While no one at NASA will even speculate on when shuttle flights might resume, other knowledgeable officials cite the sole precedent: after a fire destroyed an Apollo spacecraft on the launching pad and killed three astronauts in January 1967, it took 21 months before manned space flights resumed. "We've got to reckon in about those terms," says New Jersey Republican Jim Courter, a member of the House Armed Services Committee who follows the space program closely. The moratorium could be shortened if the flaw turns out to be something that can be fixed fairly quickly. But it could stretch out for years if major modifications to the shuttles themselves or to the rockets that carry them aloft turn out to be necessary.
Even if the search and the solution go smoothly, many people will be surprised if any more shuttle flights blast off this year. With 15 shuttle missions scheduled, 1986 was to have been NASA's biggest year since the heady days of the Apollo moon-landing program. Whether that crowded schedule could have been met had there been no tragedy is open to question. In the past, NASA has consistently had to scale back its shuttle plans.

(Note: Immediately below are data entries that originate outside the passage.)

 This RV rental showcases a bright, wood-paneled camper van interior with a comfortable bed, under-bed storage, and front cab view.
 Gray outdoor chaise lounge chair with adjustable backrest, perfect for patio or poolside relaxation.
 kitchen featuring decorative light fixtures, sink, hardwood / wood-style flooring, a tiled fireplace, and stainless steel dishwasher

Challenger's fatal mission was the 25th in the shuttle program; about twice as many missions were supposed to be flown by now, according to plans that the agency announced in 1980. Nonetheless, NASA was confident that it had finally got the bugs out and that its much criticized policy of phasing out "expendable" unmanned rockets in favor of launching all manner of space vehicles from shuttles was correct.
The next flight will certainly have to be scrubbed, and its major mission cannot be rescheduled. On March 6, Columbia was to lift off and observe Halley's comet from afar, coordinating its findings with those of the probes from the European Space Agency, the Soviet Union and Japan scheduled to rendezvous with the comet in March. By the time U.S. shuttles are flying again, Halley's will be long gone, not to return for 76 years.

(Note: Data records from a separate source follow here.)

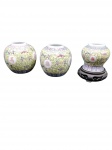 Tres  pequenos vasos em porcelana chinesa decorada em esmalte amarelo com medalhões contendo caracteres caligráficos e motivos florais. Um acompanha base em madeira .Marcas na base em carimbo vermelho com a inscrição "MADE IN CHINA". Segunda metade do séc. XX. Alturas: 10 cm e 13 cm.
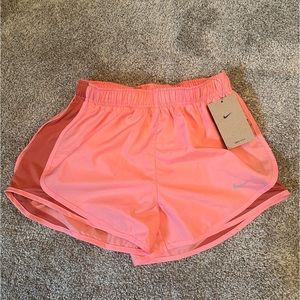 New with tags pink Nike running shirts size small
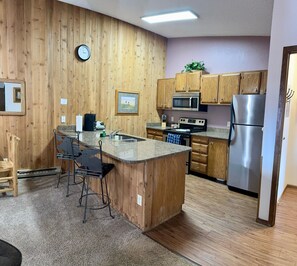 A kitchen with wooden cabinets, a stainless steel refrigerator, a microwave, and a sink. - Unit 531 - Standard Condo (Winter Park)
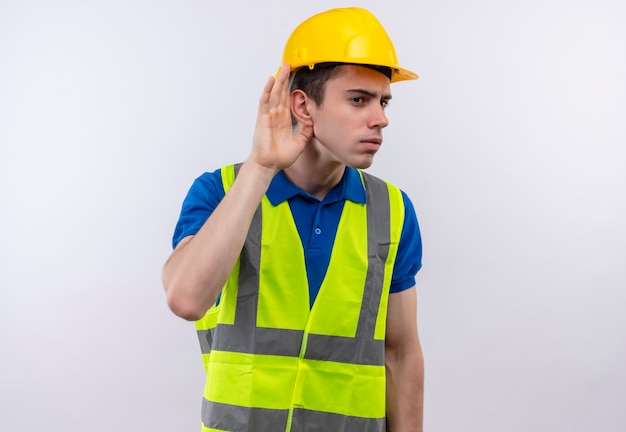 Hombre joven constructor vestido con uniforme de construcción y casco de seguridad intenta escuchar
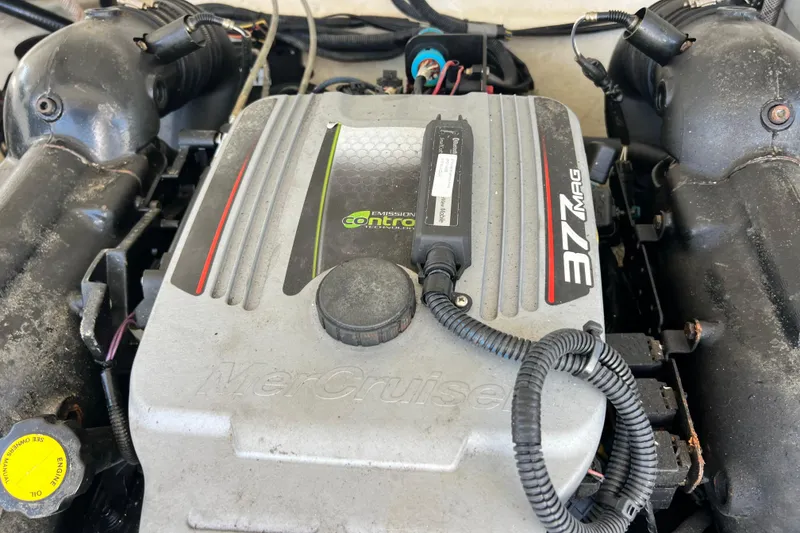 Slide: The Image of Engine of a 2015 Monterey 268SS Super Sport boat, featuring MerCruiser 377 MAG. - 60
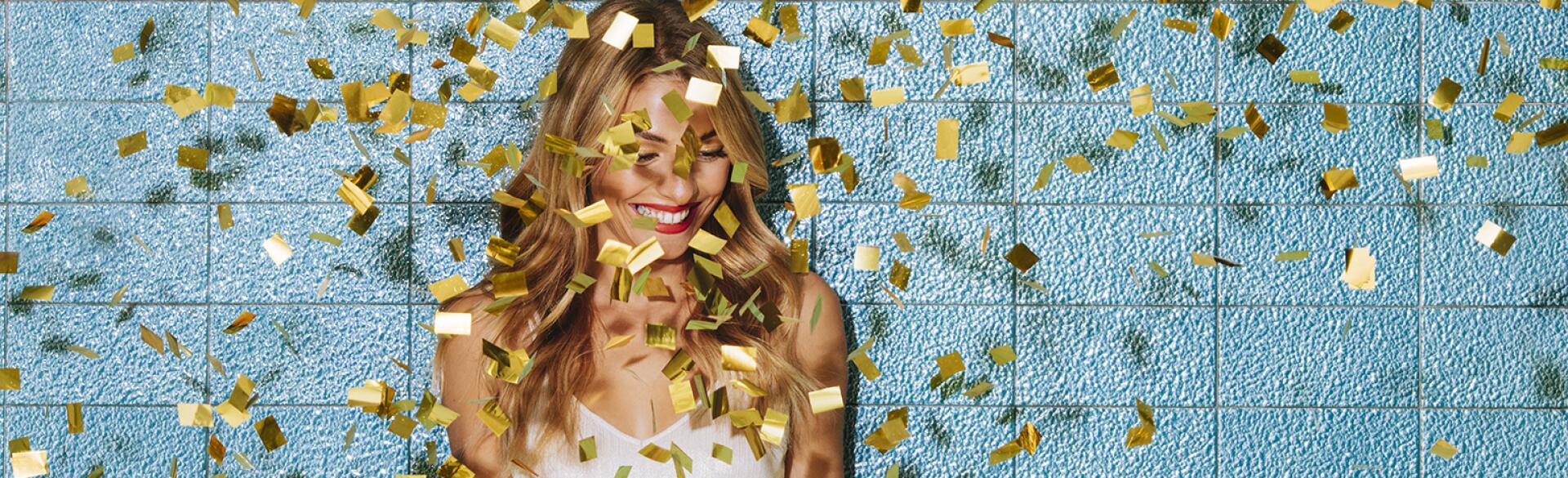 Single woman smiling with confetti falling down around her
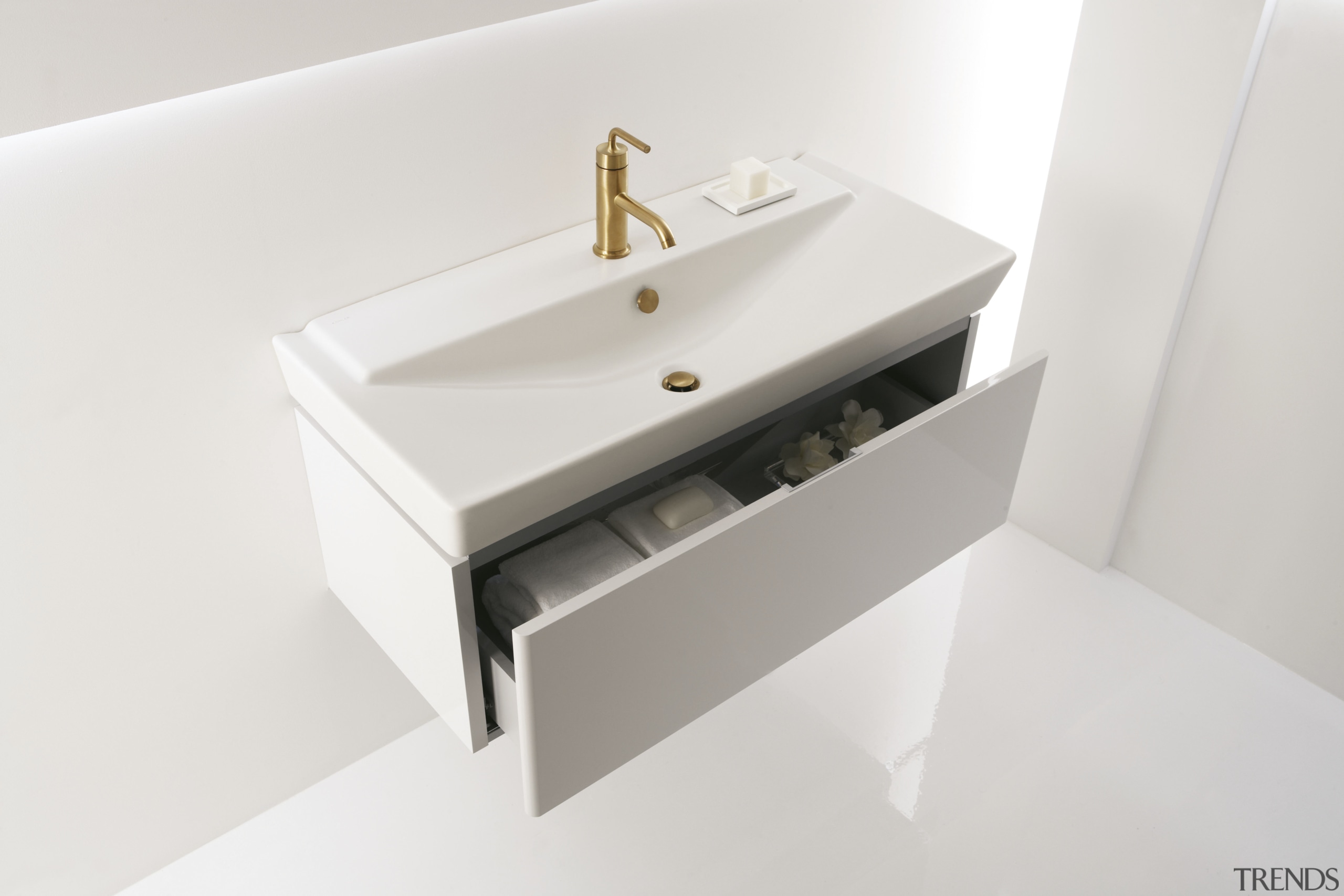 View of a Kohler basin with gold faucets bathroom, bathroom accessory, bathroom cabinet, bathroom sink, ceramic, drawer, plumbing fixture, product design, sink, tap, white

Three more flights of great scientific importance seem likely to suffer long delays. During two different missions in May, shuttles were to launch space vehicles toward Jupiter. Challenger was to have carried Ulysses, a spacecraft that would fly past Jupiter and use that planet's powerful gravitational force as a kind of slingshot to flip into polar orbit around the sun. Ulysses would provide a first-time view of the solar north and south poles. (Since earth orbits in the plane of the solar equator, humans have never got a head-on look at the sun's polar regions.) Galileo, the other . spacecraft, was to be carried aloft by the shuttle Atlantis, and then soar into orbit around Jupiter after sending a probe into the atmosphere of the planet. If these missions do not go up by early June, they will have to be postponed for at least 13 months. Not until then will Jupiter and earth again be in the proper alignment.

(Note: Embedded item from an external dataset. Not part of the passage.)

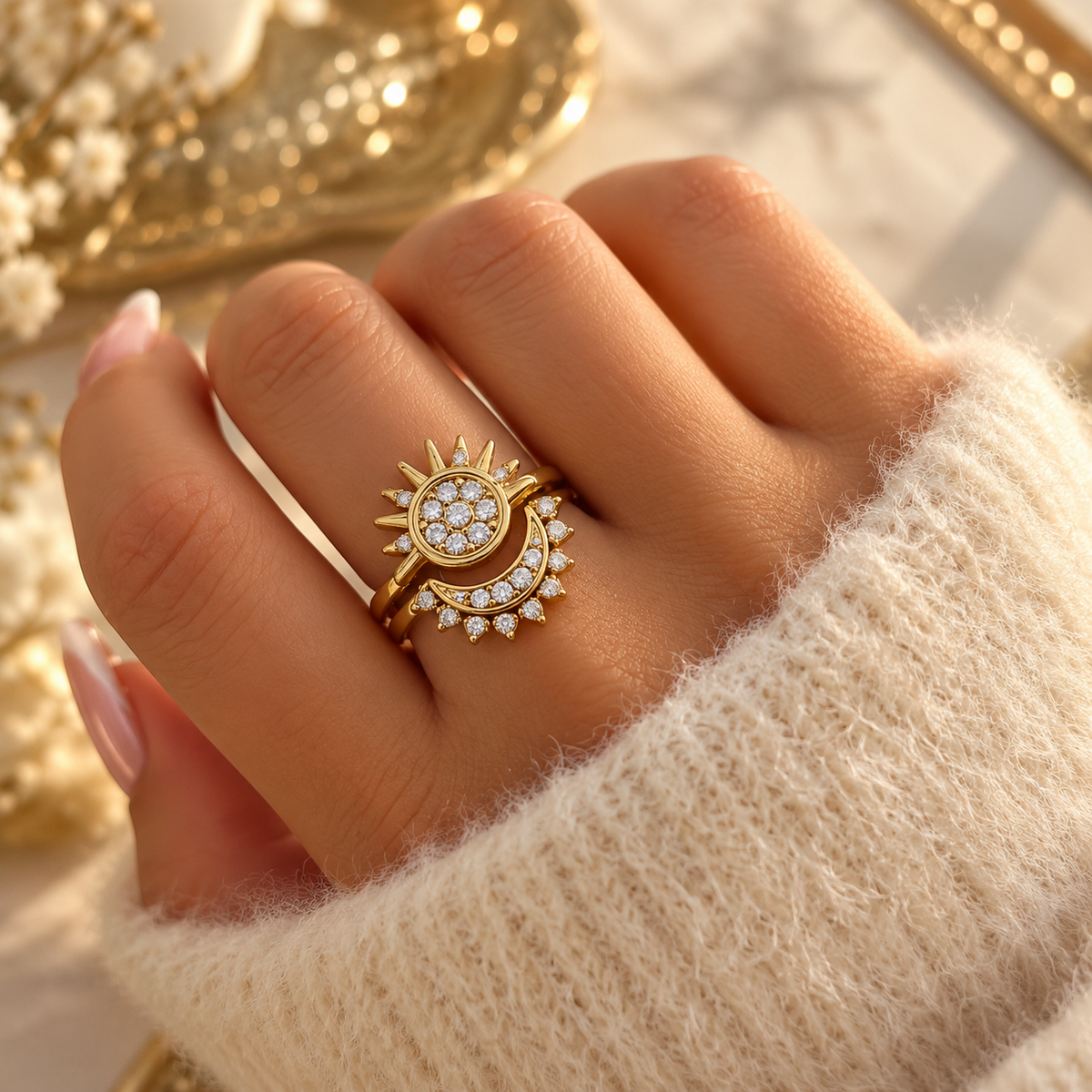 Bague dorée présentant un soleil et un croissant de lune ornés de petites pierres transparentes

In October, Atlantis was scheduled to place in orbit the $1.2 billion Hubble space telescope. Above the distorting effects of the earth's atmosphere, the telescope is designed to see figuratively to the edge of the universe and, in a sense, back nearly to creation. (The light the telescope will detect from the most distant galaxies was emitted from those galaxies not long after the big bang that created the universe some 15 billion years ago.) Delay in this case would be more disappointing than crucial; the space telescope can go up at any time. Still, the long-awaited telescope is a prime example of the dependence of "unmanned" scientific exploration on manned flight. Even after it is launched, the telescope can be maintained and, if necessary, repaired only by astronauts lofted to it aboard shuttles.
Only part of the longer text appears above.